### GOAL OF THE EXERCISE
The task calls for the lines below from the line with "May include: A" to the line with "Groepsrondreis Nepal Everest: vier", both ends included, copied exactly, without any pictures.

### STORED DATA
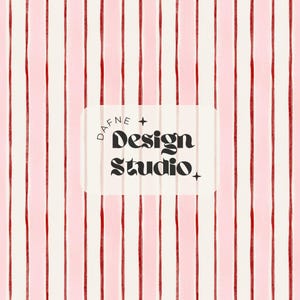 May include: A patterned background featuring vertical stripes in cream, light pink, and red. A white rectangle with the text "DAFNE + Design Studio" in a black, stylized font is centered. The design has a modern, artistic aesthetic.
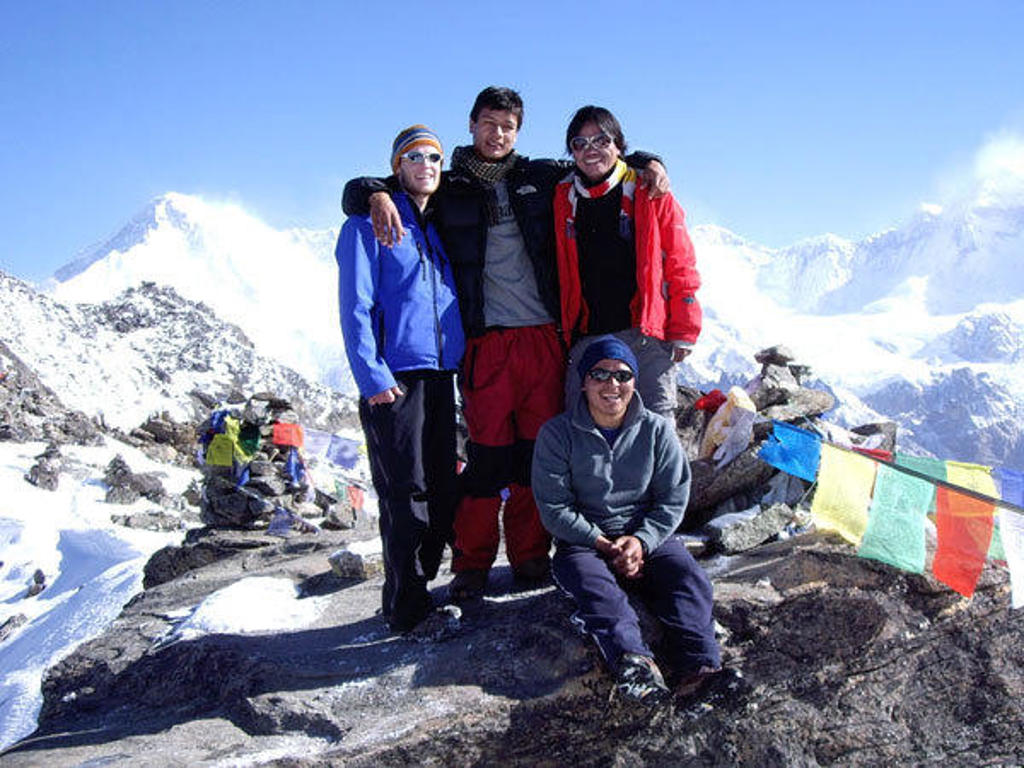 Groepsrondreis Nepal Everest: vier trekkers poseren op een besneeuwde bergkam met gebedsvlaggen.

* * *

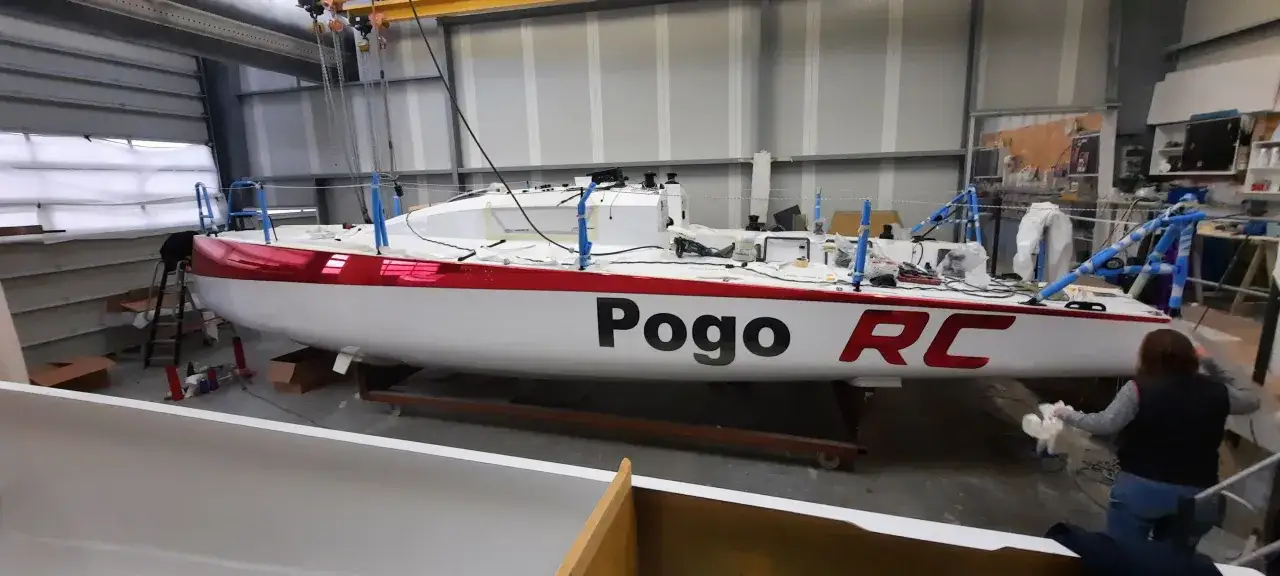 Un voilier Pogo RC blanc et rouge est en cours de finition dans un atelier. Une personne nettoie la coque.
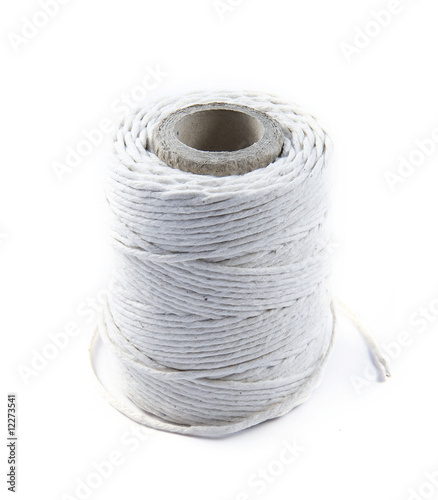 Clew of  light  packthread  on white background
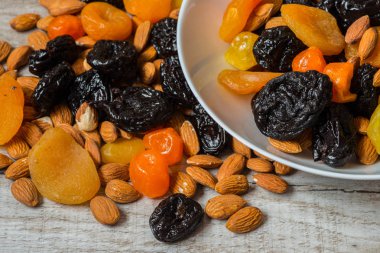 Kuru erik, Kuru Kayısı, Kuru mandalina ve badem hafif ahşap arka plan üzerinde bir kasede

==

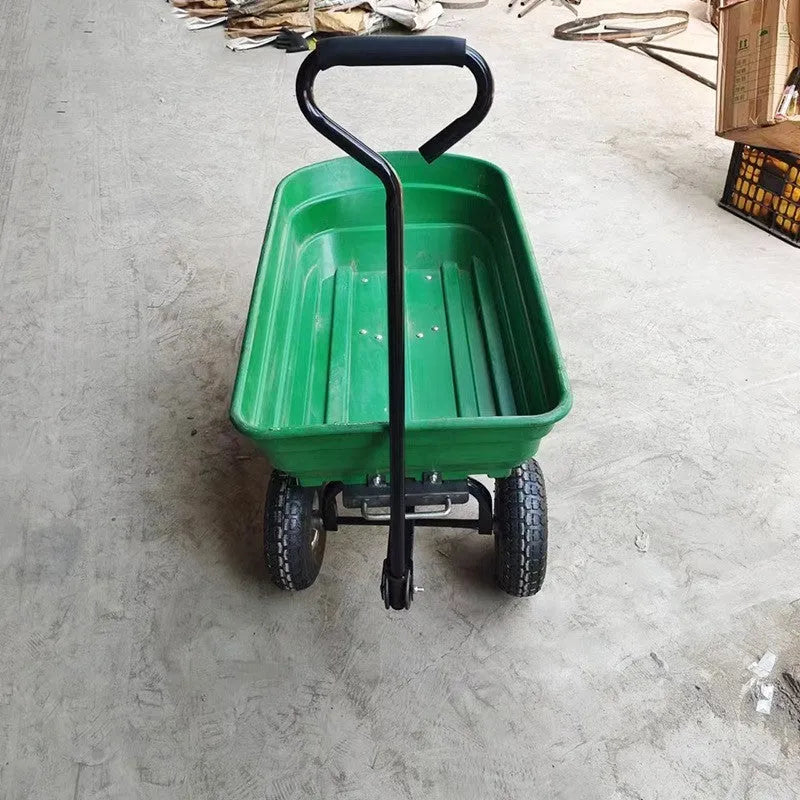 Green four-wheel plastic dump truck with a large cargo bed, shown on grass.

### WRITTEN ANSWER
 May include: A patterned background featuring vertical stripes in cream, light pink, and red. A white rectangle with the text "DAFNE + Design Studio" in a black, stylized font is centered. The design has a modern, artistic aesthetic.
 Groepsrondreis Nepal Everest: vier trekkers poseren op een besneeuwde bergkam met gebedsvlaggen.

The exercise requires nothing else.